Meninggalkan Kampung Halaman, Merantau ke Makassar


Sahban ingin menjadi seseorang. Ia ingin menjadi orang yang memiliki kelebihan dan dengan kelebihan itu, ia berharap dapat memberi manfaat bagi orang lain, baik bagi keluarga dekatnya, maupun kepada orang lain. Ia tak ingin seperti ayahnya, Ambe’ Suba, dan ibunya, Indo Empa, yang hidupnya dirasakan monoton sebagai pedagang.



-----

PEDOMAN KARYA
Rabu, 28 November 2018


Biografi Sahban Liba (5):


Meninggalkan Kampung Halaman, Merantau ke Makassar



Penulis: Hernita Sahban Liba


Tempaan dari sang ayah, guru sekolah dan guru mengaji, serta tempaan lingkungan sosial membuat Sahban kecil lebih cepat dewasa dibandingkan anak-anak seusianya. Wawasannya pun menjadi lebih terbuka dan kemudian ada kegelisahan yang muncul dalam dirinya.

Ya, ia merasa galau. Galau dengan dirinya. Galau memikirkan masa depannya.
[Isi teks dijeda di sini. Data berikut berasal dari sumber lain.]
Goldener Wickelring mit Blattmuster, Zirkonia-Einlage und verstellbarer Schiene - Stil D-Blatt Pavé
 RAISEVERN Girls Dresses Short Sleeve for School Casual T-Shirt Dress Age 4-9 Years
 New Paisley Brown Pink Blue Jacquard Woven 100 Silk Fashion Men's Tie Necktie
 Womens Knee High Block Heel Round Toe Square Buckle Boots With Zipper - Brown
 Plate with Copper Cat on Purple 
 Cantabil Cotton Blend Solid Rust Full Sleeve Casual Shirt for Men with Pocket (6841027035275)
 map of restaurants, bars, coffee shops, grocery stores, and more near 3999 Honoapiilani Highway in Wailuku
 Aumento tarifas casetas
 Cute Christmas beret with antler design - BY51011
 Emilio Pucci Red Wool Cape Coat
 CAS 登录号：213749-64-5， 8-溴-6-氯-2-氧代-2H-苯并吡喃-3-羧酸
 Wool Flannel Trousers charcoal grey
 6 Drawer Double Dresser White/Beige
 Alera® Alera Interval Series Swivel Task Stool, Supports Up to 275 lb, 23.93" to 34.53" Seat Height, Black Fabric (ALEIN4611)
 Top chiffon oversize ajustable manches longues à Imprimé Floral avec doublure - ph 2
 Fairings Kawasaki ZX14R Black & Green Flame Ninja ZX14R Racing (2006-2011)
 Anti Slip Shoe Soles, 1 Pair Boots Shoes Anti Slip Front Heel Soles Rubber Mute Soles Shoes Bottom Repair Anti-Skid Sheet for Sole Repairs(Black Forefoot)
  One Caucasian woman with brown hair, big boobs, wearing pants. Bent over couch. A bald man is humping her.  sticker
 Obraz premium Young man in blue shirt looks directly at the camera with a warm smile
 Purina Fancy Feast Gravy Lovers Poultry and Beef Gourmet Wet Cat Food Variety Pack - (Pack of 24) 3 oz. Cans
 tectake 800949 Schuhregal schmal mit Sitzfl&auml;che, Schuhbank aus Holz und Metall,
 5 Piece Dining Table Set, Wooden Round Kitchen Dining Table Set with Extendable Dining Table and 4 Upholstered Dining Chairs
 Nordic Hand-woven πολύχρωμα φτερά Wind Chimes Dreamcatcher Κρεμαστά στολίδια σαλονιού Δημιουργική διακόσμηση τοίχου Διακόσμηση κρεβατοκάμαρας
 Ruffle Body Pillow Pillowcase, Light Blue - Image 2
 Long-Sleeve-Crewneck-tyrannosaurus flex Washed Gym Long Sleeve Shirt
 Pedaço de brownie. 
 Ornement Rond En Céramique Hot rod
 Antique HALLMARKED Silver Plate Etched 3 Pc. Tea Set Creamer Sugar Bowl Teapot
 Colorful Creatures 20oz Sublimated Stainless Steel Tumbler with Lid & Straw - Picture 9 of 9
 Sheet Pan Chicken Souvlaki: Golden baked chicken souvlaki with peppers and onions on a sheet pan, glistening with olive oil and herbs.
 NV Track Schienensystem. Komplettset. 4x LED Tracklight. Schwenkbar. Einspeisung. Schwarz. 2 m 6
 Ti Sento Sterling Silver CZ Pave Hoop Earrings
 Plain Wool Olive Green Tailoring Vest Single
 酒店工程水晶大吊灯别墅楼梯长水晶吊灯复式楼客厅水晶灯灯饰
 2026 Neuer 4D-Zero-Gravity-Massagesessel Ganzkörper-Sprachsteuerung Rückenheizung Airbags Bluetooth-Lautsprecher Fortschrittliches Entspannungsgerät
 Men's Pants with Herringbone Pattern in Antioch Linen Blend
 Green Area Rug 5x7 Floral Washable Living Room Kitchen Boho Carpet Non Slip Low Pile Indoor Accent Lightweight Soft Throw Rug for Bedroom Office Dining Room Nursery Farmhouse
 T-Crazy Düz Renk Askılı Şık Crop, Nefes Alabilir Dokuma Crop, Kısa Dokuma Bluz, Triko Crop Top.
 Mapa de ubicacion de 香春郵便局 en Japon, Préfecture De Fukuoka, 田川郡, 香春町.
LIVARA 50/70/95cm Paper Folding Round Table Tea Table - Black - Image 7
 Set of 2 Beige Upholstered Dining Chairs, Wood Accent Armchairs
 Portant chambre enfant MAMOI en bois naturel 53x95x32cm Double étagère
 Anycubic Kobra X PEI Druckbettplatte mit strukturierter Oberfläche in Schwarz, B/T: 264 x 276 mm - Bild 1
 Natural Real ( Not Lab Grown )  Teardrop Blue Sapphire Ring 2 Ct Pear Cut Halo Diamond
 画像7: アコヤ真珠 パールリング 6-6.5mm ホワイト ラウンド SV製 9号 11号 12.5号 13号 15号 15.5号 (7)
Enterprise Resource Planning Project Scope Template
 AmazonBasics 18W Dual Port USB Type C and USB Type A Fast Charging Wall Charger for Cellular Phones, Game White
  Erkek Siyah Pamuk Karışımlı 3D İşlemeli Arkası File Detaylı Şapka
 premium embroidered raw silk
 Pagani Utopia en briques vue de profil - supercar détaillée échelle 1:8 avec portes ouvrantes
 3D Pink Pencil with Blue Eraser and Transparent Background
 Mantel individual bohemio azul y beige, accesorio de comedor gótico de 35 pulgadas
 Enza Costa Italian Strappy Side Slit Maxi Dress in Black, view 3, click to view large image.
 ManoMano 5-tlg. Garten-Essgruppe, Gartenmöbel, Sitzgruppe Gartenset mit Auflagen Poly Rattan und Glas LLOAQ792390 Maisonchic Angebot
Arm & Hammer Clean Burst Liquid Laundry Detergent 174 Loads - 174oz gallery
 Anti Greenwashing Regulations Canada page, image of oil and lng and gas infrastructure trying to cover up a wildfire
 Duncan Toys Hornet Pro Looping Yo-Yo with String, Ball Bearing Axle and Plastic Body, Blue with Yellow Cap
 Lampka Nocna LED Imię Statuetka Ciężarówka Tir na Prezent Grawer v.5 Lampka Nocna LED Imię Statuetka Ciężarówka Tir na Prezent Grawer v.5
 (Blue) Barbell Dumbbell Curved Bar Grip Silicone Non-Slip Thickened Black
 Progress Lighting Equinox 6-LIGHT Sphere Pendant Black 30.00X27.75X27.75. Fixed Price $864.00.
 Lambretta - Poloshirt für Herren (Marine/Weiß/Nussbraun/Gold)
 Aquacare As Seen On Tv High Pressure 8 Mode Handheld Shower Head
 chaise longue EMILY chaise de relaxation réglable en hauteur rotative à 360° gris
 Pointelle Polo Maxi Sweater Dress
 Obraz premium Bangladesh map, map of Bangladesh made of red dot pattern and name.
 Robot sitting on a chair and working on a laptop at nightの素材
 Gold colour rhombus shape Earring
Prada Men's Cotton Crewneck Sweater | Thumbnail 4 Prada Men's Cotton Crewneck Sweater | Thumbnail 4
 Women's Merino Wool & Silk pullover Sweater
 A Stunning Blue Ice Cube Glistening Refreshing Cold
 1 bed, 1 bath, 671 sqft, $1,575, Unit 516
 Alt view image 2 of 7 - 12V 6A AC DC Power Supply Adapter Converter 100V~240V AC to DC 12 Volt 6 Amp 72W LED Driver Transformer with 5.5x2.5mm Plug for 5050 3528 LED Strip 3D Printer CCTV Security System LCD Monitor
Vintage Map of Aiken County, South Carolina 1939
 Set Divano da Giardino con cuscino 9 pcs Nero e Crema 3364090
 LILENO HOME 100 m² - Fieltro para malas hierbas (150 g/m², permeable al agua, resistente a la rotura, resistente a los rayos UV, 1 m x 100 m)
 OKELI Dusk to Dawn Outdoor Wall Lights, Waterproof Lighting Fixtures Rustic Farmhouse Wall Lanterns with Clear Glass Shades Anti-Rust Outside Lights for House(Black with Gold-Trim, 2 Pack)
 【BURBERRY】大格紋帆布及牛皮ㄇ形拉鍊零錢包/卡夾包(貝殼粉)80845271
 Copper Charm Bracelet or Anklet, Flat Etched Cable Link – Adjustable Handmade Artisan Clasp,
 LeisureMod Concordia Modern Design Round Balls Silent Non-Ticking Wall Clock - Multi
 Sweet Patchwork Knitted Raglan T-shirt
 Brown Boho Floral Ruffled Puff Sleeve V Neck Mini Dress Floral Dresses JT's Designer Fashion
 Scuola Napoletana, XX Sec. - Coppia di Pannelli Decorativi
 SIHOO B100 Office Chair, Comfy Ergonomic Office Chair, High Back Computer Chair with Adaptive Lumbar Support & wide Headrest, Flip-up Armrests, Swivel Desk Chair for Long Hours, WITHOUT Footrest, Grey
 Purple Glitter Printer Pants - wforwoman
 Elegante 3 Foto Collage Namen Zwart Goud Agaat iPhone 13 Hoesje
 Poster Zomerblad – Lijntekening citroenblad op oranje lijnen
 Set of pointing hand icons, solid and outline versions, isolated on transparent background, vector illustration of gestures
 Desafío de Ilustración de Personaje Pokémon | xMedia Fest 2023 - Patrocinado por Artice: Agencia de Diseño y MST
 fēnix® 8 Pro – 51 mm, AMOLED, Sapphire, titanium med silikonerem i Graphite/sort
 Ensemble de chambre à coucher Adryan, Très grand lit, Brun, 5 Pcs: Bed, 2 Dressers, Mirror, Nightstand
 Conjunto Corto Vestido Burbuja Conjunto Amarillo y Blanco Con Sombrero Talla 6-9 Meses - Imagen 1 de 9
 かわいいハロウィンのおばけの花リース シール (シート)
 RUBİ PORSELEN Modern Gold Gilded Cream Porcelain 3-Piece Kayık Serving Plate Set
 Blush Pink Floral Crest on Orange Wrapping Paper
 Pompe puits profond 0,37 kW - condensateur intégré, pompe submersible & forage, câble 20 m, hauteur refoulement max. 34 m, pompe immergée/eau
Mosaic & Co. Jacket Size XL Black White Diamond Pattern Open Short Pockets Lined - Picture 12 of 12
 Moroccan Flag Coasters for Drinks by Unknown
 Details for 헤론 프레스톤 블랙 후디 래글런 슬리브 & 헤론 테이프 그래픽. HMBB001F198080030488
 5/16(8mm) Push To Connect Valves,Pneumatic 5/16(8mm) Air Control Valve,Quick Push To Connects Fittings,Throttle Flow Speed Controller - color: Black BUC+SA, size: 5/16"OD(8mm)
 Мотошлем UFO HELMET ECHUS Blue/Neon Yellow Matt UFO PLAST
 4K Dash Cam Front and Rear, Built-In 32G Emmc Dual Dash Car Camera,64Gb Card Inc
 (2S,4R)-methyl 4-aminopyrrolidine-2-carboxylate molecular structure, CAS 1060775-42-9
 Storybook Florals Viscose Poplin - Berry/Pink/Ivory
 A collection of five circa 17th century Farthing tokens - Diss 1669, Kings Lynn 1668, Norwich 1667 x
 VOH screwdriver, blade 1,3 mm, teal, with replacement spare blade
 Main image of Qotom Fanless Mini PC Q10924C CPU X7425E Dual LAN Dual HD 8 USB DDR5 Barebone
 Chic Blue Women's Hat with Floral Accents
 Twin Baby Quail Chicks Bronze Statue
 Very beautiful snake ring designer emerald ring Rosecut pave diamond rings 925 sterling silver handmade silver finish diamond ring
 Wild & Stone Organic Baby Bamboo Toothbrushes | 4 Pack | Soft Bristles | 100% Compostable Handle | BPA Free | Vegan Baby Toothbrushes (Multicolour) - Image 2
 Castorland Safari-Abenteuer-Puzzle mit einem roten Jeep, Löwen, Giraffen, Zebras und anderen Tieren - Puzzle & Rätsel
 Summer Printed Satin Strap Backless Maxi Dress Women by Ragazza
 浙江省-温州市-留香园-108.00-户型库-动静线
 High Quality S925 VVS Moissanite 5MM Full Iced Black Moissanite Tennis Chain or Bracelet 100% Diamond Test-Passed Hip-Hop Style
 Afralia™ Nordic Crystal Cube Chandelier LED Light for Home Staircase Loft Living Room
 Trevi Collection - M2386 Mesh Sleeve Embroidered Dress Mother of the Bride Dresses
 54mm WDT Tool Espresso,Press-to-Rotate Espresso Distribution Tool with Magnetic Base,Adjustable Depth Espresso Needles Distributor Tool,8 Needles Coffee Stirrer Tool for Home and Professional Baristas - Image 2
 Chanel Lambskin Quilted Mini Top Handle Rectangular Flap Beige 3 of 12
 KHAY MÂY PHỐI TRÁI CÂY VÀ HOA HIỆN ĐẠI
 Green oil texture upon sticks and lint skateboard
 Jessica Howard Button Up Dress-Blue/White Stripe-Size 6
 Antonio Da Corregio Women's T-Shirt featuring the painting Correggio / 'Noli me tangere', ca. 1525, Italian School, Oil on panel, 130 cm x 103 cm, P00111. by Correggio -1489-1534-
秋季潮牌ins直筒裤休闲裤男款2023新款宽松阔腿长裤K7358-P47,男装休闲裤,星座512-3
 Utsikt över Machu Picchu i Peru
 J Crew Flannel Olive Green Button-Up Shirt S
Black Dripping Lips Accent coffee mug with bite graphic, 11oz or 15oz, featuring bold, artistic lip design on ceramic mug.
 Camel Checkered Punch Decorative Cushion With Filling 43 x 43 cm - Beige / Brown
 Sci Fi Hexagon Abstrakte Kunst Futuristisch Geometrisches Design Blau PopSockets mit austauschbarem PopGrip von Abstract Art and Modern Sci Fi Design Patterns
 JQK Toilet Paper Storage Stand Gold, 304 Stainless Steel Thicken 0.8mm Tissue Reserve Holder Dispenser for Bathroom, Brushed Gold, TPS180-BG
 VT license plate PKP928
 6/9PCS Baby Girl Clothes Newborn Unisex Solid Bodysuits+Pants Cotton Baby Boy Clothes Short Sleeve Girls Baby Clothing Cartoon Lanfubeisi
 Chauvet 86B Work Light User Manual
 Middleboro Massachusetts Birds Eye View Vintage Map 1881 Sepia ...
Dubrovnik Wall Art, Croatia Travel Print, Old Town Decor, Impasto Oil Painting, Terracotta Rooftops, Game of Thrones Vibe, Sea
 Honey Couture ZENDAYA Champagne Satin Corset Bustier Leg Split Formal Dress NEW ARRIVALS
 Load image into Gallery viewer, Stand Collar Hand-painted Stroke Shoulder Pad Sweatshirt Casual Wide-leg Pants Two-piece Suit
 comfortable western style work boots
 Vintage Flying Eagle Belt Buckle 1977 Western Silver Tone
Ia sudah kelas VI SD (di Kalosi, Kecamatan Alla, Kabupaten Enrekang) dan sebentar lagi akan tamat. Dalam dirinya ada godaan untuk merantau ke Makassar. Ia merasa tertantang untuk melanjutkan pendidikannya di ibukota Provinsi Sulawesi Selatan itu.

Godaan dan tantangan itu semakin kuat karena banyak pemuda desa yang masuk hutan bergabung dengan Qahhar Mudzakkar yang berjuang mendirikan Negara Islam di Sulawesi Selatan. Di antara pemuda yang bergabung itu, termasuk kakak kandungnya, Tangko.

Sebenarnya kakaknya juga mengajak Sahban untuk bergabung, tetapi Sahban menolak tawaran itu. Ia tak ingin mengikuti jejak langkah kakaknya. Waktu itu, sekitar bulan April 1951, kakaknya yang bernama Tangko sudah bergabung dengan pasukan Qahhar Mudzakkar. Sahban tahu, sebagian pemuda itu bergabung dengan pasukan Qahhar Mudzakkar karena ingin mendapatkan pekerjaan.

Buktinya, ketika pemerintah menawarkan kepada para pemuda untuk menjadi anggota tentara pemerintah (Tentara Nasional Indonesia), para pemuda pun ramai-ramai menerima tawaran tersebut, termasuk pemuda yang sudah bergabung dengan pasukan Qahhar Mudzakkar. Mereka turun gunung, mereka keluar dari hutan untuk bergabung dengan tentara pemerintah.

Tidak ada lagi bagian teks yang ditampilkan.